Star public editor: Democracy depends on great reporting
Great reporters ask why and refuse to be stopped until they have the answers citizens need.
Every year, for 10 years now, the Toronto Star has honoured one outstanding reporter whose work best exemplifies the formidable standards of great reporting set by the Star’s former longtime and legendary managing editor, Mary Deanne Shears.
This award goes to a “go-for it” reporter who consistently breaks stories and allows the Star to dominate coverage of important issues, the kind of reporting “Mary D.” expected from all who worked for her. (Full disclosure: In 1983, when she was the Star’s city editor — the first woman ever to hold that key job here — Mary D. gave me my “dream” reporting job at the Star. She has long been a role model for me and many other journalists.)
Past winners of this reporting award include Martin Knelman, Michelle Shephard, Rick Westhead, Doug Smith, Kevin Donovan, Robert Benzie, Laurie Monsebraaten, Robyn Doolittle and Diana Zlomislic.
The newsroom nominated nine reporters for the 2014 — and 10th annual — award in Shears’ honour. The winner, whose work you read on the Star’s front page many times in 2014, received more nominations from his newsroom colleagues than any other reporter.
Cue drumroll and applause for … San Grewal.
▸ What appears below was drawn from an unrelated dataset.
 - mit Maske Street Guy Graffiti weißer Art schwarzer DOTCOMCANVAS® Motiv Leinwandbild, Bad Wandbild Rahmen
As the Star’s editor Michael Cooke said in presenting the award recently to the Star’s urban affairs reporter for his dogged work covering Brampton city council and the questionable spending of former mayor Susan Fennell and other councillors: “This reporter brought accountability to the 905. He got action in Canada’s ninth-largest city.”
Cooke said Grewal achieved this through “solid reporting and persistence. He did it by developing and probing sources, asking questions, mining thousands of pages of (freedom of information requests) and leaked court documents, pushing both councillors and city staff to act.”
Grewal’s work was indeed great reporting in the public interest. Let me tell you something about great reporting and why it matters.
Great reporting always demands curiosity, courage, integrity, intelligence, persistence, patience. Great reporters ask why and refuse to be stopped until they have answers citizens need. Great reporters have drive and determination — day after day, even in the face of opposition and obstacles. Great reporters get to the truth and make a difference in our democracy.